A facebook friend posted this comment:
Both sides need to realize that the people who make up the other side are not evil. There’s also nothing wrong with being in the middle or not on a side at all. People are not binary.
With a link to the article poll: Most Democrats see Republicans as racist, sexist.
Here is my comment.
I dunno. When it comes to issues like refugees, migrants, trans rights, gender, etc, I do actually think some positions are evil. Our (Australian) government’s offshore detention program for refugees is straight up evil. These are concentration camps with deliberate, conscious torture of men, women, and children.
This is racist. It is inhumane. It is evil.
Our (Australian) government’s Norther Territory Intervention is evil. It is racist and structurally unjust.
There are plenty of other examples.
Whenever this issue of ‘evil’ and politics comes up, I think of Hannah Arendt’s concept of the ‘banality of evil’. Laws and legislations are not politically or ideologically neutral. They have real live effects on people’s lives.
There is something wrong with not standing up for human rights. There is something wrong with not critiquing unjust and cruel legislation.
It is wrong to not take a stand, and to not have an opinion.
The conversation continued with this response
You are right that political beliefs are often not morally neutral, but there is a large difference between “you have an immoral belief” and “you are immoral for having that belief.” That is certainly not to say that an assumption of innocence is always correct or even a good idea, but when it is the default assumption then we fail to love each other or help our country.
I disagree with this opinion. The clear example is “If you hold racist beliefs” then “you are racist.” Whereas an individual person might affect a limited number of people, a politician making and supporting legislation which is racist affects millions of people.

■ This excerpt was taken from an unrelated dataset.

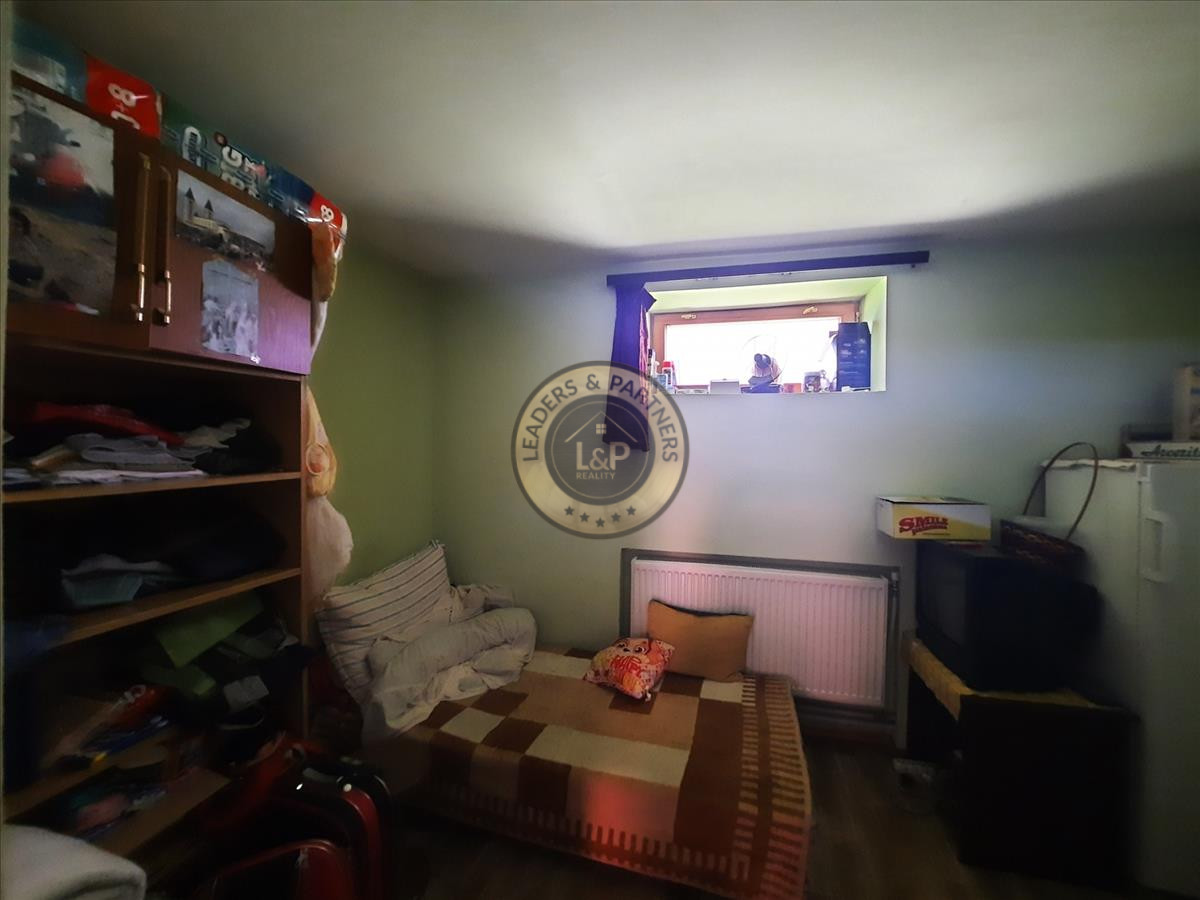 Rodinný dom vo veľmi dobrom stave blízko Košíc v obci Füzér. - 16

This is where Arendt’s “Eichmann in Jerusalem: A Report on the Banality of Evil” becomes useful. She was reporting on the trial of Adolf Eichmann for warcrimes during the holocaust. Eichmann himself, Arendt argues, didn’t seem to harbour particularly extremist views. It was more that his actions, simply ‘carrying out his job’ were _consequently_ evil.
This is my main take away from this text (which I admit is probably a weak reading, as I’m not super familiar with Arendt’s work. Public servants, politicians, and other people _just doing their jobs_ are capable of great evil.
As Arendt notes (and I quote the wikipedia page):
“U]nder conditions of terror most people will comply but some people will not, just as the lesson of the countries to which the Final Solution was proposed is that “it could happen” in most places but it did not happen everywhere. Humanly speaking, no more is required, and no more can reasonably be asked, for this planet to remain a place fit for human habitation.”
Not all of us will commit horrendous acts. But some of us will and do.
So I believe that if a politician chooses to contribute to race hate, misogyny, oppression, and other despicable acts, either directly through the construction of legislation or discursively, through the things they say, then they are hateful. Or, in other words, if they say and do evil things, then they are, necessarily, evil. And as Arendt says, this evil may be utterly boring and banal. But it is still evil.
When I was doing work on media coverage of women MPs in Queensland (a very conservative state in Australia), I was struck by the continuum of racism at work. There were clearly extreme examples of racism and race hate (Pauline Hanson was one of them), but racist discourse was actually more complex. The then-prime minister John Howard articulated theories about race and identity which were identical to Hanson’s. He just used bigger words, was a man, and was the prime minister with a political party behind him. But Hanson was always positioned as a political ‘maverick’ and extremist.
Both were saying and doing evil things, but I think Howard’s actions were more influential and ‘more evil’ than Hanson’s, because of his reach and influence. And role in policy making in government.
But referring to the linked article in the OP (and I’m not sure we can rely on that for useful data), “a third of all Americans say they’d be disappointed if a close family member married someone whose partisanship didn’t match their own.”
In an objective moment, this seems like a radical and intolerant position. But we do not operate in objective spaces; we are always subjective. If my family member wanted to marry someone who actively and vocally supported a hard right nationalist front type political party (ie neo-nazis), I’d be pretty upset. Especially if my partner was black (I’m a white woman).
In an Australian context, though, things are a little different. Our two major political parties are currently competing for Most Morally Absent. Both have supported and participated in setting up offshore detention, the Northern Territory Intervention, etc etc etc.
Even issues which seem less ‘dangerous’ are problematic. A smaller government requires the dismantling of state-run public services like health care, education, national parks. A reduction in taxes means a reduction in funding for public services like the maintenance of roads and railways. I can’t really speak to the matter of states’ rights, as the Australian and American understanding of federalism and states is so different.
…nb I am referring to the Holocaust and anti-semitism specifically, as the current push towards far right politics and the rise of nationalism, in addition to race-based legislation and the increasing power of the police is just a bit too familiar.
This is not a new thing: we have seen this before in Germany. We should be very concerned.